In Kenney v. State of New York, Office of Children and Family Services, 16-cv-4522, 2017 WL 5633166 (S.D.N.Y. Nov. 20, 2017), the court granted in part and denied in part defendants’ motion for summary judgment on plaintiff’s sexual harassment claims.
In sum, plaintiff asserted claims of “hostile work environment” and “quid pro quo” sexual harassment based on the conduct of a co-worker (Davis). Here I will focus on plaintiff’s “hostile work environment” claim.I discuss the court’s evaluation of plaintiff’s “quid pro quo” sexual harassment claim here.
The court held that there was sufficient evidence that Davis (i) created a hostile work environment, and (ii) the entity/employer could be liable for his conduct.
Hostile Work Environment
As to the first point, the court held that a reasonable jury could find that Davis’ conduct toward plaintiff amounted to a hostile work environment.
Notably, the court highlighted the following conduct by Davis, as alleged by plaintiff:
- Davis told her “he liked [her] … because [she] reminded him of a stripper and that [she] had the goods … the top, and the bottom.” (Kenney Dep. at 95-96).

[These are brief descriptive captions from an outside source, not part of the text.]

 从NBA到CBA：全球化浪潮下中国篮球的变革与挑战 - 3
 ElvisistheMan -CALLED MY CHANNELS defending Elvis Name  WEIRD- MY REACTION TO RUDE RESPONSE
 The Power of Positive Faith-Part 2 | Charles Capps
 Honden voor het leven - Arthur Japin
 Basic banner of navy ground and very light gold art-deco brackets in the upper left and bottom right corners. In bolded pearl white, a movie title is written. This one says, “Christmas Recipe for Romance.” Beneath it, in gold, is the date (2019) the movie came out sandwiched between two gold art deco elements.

- He asked plaintiff “to stand up so that he could wand [her] with the metal detector.” (Id. at 96).
- He took plaintiff to a room in the basement of Red Hook, during what Davis told plaintiff would be a “brief tour of the facility,” and although he “did not physically touch” plaintiff, he did “com[e] very close,” and told plaintiff “there were no cameras” in the room. (Id.)
- He asked plaintiff if she thought about him over the weekend, and told her “several times that [she] was going to get him in trouble.” (Id. at 97).
- He “would not stop coming to [her] office” and “[h]e would hang out there all day.” (Id.).
- He “mad[e] a lot of … sexual, inappropriate terms and express[ed] himself inappropriately toward”plaintiff. (Id.).
- He told plaintiff she was “beautiful,” “his type,” that he felt “a connection” with plaintiff, and that she was “the kind of woman he would want to introduce to his mom.” (Id. at 112).
- He gave her his cell phone number unsolicited. (Barkan Decl. Ex. J at 4).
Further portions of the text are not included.